BEGIN Dataset entries

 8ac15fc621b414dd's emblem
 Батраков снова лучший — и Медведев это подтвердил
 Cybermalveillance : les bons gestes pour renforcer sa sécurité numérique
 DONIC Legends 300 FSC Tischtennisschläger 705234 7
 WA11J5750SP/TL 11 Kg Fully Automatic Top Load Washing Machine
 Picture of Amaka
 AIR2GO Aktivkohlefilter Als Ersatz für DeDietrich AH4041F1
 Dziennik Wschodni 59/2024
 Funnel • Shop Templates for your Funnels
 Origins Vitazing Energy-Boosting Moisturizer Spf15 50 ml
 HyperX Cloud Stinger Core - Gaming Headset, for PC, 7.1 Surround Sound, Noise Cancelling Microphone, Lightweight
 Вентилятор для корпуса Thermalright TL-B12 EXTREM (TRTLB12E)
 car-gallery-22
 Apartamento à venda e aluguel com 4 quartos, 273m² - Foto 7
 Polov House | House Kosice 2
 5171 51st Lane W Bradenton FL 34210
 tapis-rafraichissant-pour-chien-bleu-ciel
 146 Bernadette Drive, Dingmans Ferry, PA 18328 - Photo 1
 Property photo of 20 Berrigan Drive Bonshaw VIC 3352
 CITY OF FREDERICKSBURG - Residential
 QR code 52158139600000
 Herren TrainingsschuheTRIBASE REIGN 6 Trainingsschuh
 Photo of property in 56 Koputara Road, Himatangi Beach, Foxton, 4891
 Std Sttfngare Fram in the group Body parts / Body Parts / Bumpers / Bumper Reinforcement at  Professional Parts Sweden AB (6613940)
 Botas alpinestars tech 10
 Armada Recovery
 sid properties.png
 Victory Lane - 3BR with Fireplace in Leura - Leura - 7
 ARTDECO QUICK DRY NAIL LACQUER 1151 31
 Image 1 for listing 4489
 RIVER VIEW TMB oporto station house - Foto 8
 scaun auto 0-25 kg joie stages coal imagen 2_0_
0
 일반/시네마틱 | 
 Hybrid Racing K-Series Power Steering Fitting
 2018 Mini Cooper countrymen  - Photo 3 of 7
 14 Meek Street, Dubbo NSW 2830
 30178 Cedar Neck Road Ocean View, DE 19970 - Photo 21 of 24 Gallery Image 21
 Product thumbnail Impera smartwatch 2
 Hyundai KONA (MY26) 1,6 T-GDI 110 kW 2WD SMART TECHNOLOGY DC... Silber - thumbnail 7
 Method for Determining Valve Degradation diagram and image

END Dataset entries

Give every line of the material that includes the string "Drive".

» Problem solution
 146 Bernadette Drive, Dingmans Ferry, PA 18328 - Photo 1
 Property photo of 20 Berrigan Drive Bonshaw VIC 3352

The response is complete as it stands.